- Data excerpts -
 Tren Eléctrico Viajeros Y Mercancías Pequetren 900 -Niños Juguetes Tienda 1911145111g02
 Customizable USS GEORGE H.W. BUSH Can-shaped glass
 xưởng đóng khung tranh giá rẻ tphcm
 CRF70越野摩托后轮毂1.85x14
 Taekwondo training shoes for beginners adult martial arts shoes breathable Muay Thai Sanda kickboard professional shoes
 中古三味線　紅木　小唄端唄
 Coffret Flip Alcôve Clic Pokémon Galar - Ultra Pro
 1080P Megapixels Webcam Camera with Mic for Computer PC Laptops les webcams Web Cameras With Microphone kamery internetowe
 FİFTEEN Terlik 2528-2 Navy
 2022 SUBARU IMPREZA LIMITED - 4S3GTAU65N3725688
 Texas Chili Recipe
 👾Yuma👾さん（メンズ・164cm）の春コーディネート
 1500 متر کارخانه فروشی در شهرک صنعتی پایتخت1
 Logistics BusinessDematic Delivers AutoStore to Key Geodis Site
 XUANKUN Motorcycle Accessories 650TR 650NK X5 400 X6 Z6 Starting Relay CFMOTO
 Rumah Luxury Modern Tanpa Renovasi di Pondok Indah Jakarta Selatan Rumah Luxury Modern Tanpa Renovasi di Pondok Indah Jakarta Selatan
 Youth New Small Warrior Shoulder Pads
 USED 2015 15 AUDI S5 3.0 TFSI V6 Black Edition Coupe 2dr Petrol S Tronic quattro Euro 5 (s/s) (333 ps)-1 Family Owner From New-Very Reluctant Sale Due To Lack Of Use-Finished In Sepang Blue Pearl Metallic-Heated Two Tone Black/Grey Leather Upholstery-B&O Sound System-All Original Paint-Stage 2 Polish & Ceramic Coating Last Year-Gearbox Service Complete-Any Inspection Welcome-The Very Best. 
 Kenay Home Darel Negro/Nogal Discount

- Task description -
With the first line of the material as the start and the line containing "1080P Megapixels Webcam" as the end, repeat that span exactly and add nothing.

- Exercise response -
 Tren Eléctrico Viajeros Y Mercancías Pequetren 900 -Niños Juguetes Tienda 1911145111g02
 Customizable USS GEORGE H.W. BUSH Can-shaped glass
 xưởng đóng khung tranh giá rẻ tphcm
 CRF70越野摩托后轮毂1.85x14
 Taekwondo training shoes for beginners adult martial arts shoes breathable Muay Thai Sanda kickboard professional shoes
 中古三味線　紅木　小唄端唄
 Coffret Flip Alcôve Clic Pokémon Galar - Ultra Pro
 1080P Megapixels Webcam Camera with Mic for Computer PC Laptops les webcams Web Cameras With Microphone kamery internetowe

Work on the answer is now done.